PROVIDED DATA ▸
================

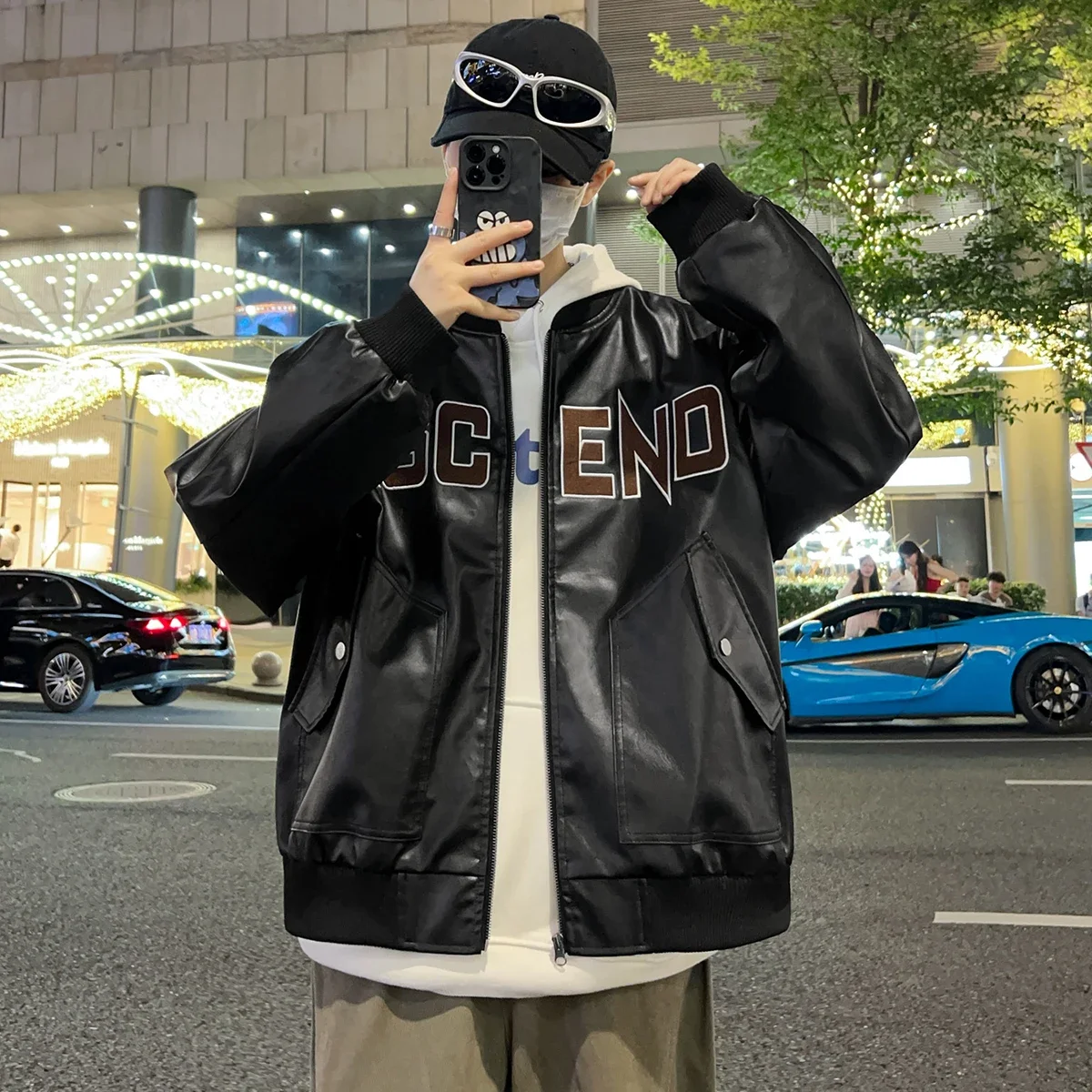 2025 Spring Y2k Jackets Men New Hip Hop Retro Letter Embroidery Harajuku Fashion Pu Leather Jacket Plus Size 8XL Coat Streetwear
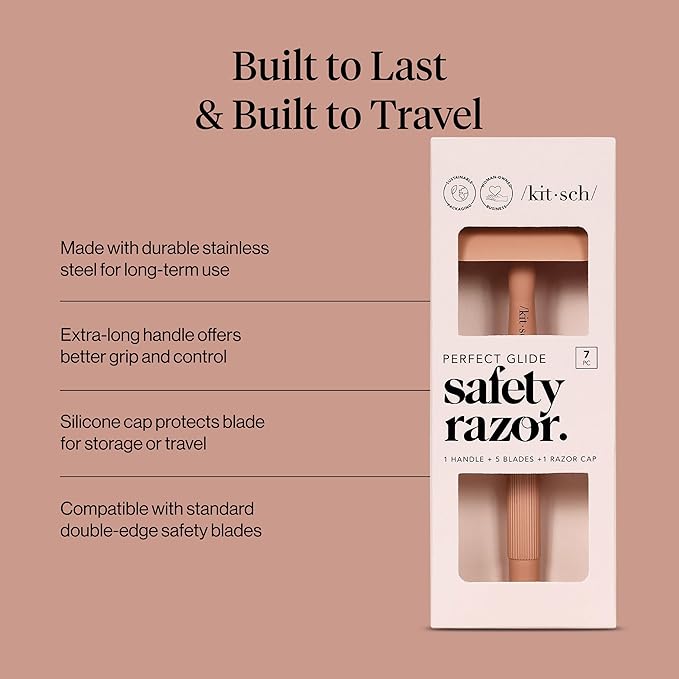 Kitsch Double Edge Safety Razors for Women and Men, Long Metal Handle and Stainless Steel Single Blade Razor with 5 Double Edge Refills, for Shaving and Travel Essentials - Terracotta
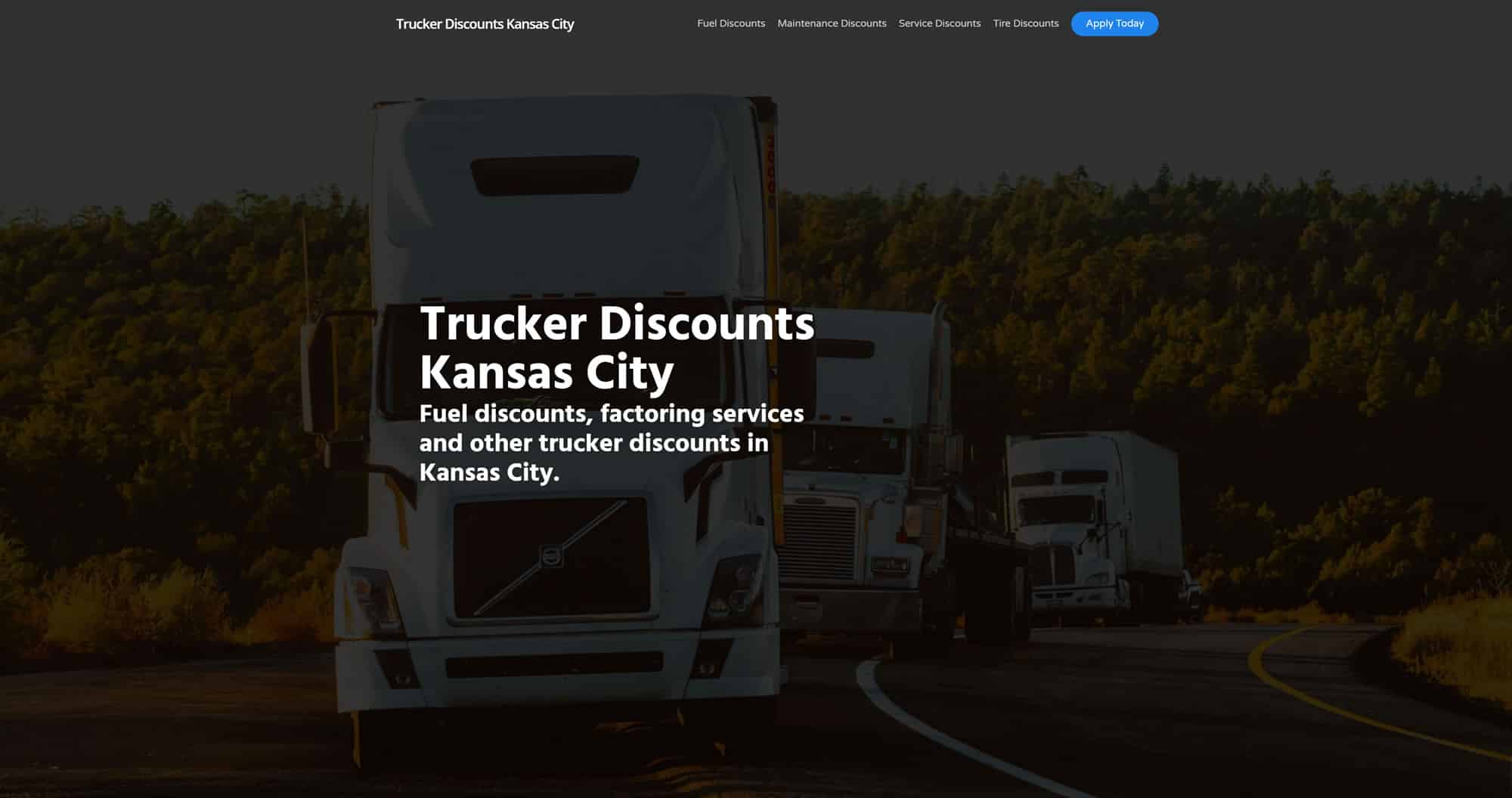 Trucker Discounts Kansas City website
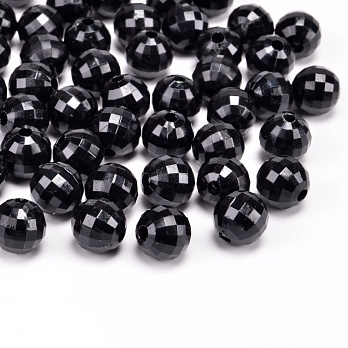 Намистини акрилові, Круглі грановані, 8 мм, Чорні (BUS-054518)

================

PROBLEM STATEMENT ▸ From the first line to the last, copy the listing above exactly, dropping all images.

ANSWER AREA ▸
 2025 Spring Y2k Jackets Men New Hip Hop Retro Letter Embroidery Harajuku Fashion Pu Leather Jacket Plus Size 8XL Coat Streetwear
 Kitsch Double Edge Safety Razors for Women and Men, Long Metal Handle and Stainless Steel Single Blade Razor with 5 Double Edge Refills, for Shaving and Travel Essentials - Terracotta
 Trucker Discounts Kansas City website
 Намистини акрилові, Круглі грановані, 8 мм, Чорні (BUS-054518)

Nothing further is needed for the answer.